If you prefer tutorials that come with a framework => check the other wiki tutorial series.
If you prefer tutorials that go step by step without a framework => this page should be ok.

I assume you know C++. If not, this tutorial will probably be hard to understand !

This tutorial presents only a few elements of Ogre3D.

You can download the code and media for this tutorial at the bottom of this wiki page.
This little tutorial is an extract of a bigger project which contains more tutorials & helper classes.
This bigger project is avaible there :
https://sourceforge.net/projects/so3dtools/(external link)

Also, make sure you read these tutorials in order!

Tutorial Description

In this program, I create a texture, in which I will render the scene.
I create a material that uses this texture, and I apply it on a mesh.
This technique is called a Render-To-Texture (RTT).
Often the texture itself is called 'a RTT' too in that case.

Description of the program with more details :
1/ I create a camera
2/ I create a manualobject cube (with texture coords).
3/ I convert the manualobject to mesh.
4/ I create a diagonal with 5 entities of that mesh.
5/ I create a the rtt texture
6/ I create a camera for this rtt texture.
7/ I position this 'rttcamera' near the last entity,
looking to the entities.
8/ I create a material that uses the rtt.
9/ I create a cube entity that uses that material.
10/ I put this entity such as it is visible for the first
camera, but not for the rtt camera.
11/ I enter the infinite loop, waiting for windows closing.

After creating a resource group, and a few entities

Now I create a special texture.
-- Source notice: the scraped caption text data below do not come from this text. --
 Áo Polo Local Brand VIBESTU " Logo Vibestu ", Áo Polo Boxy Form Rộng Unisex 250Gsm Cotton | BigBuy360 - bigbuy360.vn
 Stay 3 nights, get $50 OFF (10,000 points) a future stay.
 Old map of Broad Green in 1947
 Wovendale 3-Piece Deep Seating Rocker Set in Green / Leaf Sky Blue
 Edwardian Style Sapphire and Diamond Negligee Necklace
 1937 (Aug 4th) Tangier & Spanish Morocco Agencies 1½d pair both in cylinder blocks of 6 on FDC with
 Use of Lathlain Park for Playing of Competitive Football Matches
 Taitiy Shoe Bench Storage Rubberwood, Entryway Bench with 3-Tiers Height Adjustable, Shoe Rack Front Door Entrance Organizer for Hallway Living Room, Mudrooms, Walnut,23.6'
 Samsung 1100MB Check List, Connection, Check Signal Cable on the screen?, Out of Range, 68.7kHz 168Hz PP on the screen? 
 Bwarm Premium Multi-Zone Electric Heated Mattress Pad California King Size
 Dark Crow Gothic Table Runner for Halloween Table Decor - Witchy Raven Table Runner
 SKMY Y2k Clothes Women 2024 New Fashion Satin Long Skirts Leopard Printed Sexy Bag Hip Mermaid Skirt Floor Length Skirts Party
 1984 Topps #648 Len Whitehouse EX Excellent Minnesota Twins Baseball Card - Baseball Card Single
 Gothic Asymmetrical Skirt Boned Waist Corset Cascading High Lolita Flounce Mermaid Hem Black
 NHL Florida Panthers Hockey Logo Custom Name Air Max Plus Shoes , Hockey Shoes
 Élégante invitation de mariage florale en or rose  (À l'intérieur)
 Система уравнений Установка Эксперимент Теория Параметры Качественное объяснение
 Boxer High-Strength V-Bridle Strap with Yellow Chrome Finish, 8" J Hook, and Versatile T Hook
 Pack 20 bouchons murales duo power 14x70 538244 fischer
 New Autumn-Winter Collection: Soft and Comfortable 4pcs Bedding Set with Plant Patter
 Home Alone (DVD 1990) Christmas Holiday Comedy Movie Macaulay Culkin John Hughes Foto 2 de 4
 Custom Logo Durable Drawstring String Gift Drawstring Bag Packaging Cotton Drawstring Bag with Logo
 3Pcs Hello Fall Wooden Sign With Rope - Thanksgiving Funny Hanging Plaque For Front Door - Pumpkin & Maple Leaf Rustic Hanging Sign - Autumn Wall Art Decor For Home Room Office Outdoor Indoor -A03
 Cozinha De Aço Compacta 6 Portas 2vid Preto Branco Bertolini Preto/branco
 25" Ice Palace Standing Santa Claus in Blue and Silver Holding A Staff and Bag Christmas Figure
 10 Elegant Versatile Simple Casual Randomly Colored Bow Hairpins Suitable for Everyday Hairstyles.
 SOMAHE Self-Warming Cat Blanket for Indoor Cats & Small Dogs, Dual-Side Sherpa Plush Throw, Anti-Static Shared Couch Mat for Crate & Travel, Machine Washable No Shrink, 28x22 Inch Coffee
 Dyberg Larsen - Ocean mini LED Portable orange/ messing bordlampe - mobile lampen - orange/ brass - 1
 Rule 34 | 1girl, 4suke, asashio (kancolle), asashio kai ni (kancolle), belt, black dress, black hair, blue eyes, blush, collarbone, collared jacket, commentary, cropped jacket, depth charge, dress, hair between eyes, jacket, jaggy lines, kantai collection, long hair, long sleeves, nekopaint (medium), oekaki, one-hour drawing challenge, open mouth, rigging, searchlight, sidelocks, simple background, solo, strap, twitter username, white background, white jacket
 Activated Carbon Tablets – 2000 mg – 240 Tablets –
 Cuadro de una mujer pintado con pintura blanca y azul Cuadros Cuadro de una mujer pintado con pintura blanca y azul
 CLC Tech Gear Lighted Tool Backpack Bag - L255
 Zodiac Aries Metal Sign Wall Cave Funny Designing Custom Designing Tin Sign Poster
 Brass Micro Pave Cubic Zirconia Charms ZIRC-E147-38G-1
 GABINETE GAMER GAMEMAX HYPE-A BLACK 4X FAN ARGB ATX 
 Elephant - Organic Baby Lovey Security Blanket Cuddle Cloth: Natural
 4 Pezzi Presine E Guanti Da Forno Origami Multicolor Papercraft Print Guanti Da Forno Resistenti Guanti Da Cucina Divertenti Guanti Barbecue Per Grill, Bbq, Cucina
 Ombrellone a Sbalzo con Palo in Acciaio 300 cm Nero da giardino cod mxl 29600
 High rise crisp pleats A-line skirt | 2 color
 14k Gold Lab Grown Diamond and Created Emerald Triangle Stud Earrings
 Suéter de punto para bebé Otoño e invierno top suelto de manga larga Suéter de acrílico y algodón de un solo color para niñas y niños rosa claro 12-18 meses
This texture allows to do what is called a
'render to texture'. Which means that you can render your scene into
it, and then use this texture as any other in a material.
In order to keep a good framerate, I set its number of mipmaps to 0.

¤	Ogre::TextureManager& lTextureManager = Ogre::TextureManager::getSingleton();
	Ogre::String lTextureName = "MyFirstRtt";
	bool lGammaCorrection = false;
	unsigned int lAntiAliasing = 0;
	unsigned int lNumMipmaps = 0;
	Ogre::TexturePtr lTextureWithRtt = lTextureManager.createManual(lTextureName, lNameOfResourceGroup, 
		Ogre::TEX_TYPE_2D, 512, 512, lNumMipmaps,
		Ogre::PF_R8G8B8, Ogre::TU_RENDERTARGET, 0, lGammaCorrection, lAntiAliasing);

Now I create the camera for the RTT
Note : I could have reused the first camera,
it's not a problem to have several 'RenderTarget'
on the same camera.

now I will link this texture to a camera, by creating a viewport in the texture.

¤	Ogre::RenderTexture* lRenderTarget = NULL;
	{
		Ogre::HardwarePixelBufferSharedPtr lRttBuffer = lTextureWithRtt->getBuffer();
		lRenderTarget = lRttBuffer->getRenderTarget();
		lRenderTarget->setAutoUpdated(true);

I create a camera so that it has a beautiful '1' aspect ratio.

¤		Ogre::Camera * lRttCamera = lScene->createCamera("RttCamera");
		lRttCamera->setNearClipDistance(1.5f);
		lRttCamera->setFarClipDistance(3000.0f); 
		lRttCamera->setAspectRatio(1.0f);

I attach the camera to a node.

¤		Ogre::SceneNode* lRTTCameraNode = lRootSceneNode->createChildSceneNode();
		lRTTCameraNode->attachObject(lRttCamera);

I position the node to see the entities differently.

¤		lRTTCameraNode->setPosition( 7, 7, -8);
		Ogre::Vector3 lTargetPointToLookAt( 0, 0, -10.0 );
		lRTTCameraNode->lookAt( lTargetPointToLookAt, Ogre::Node::TS_WORLD);

I create a first blue viewport inside this rtt.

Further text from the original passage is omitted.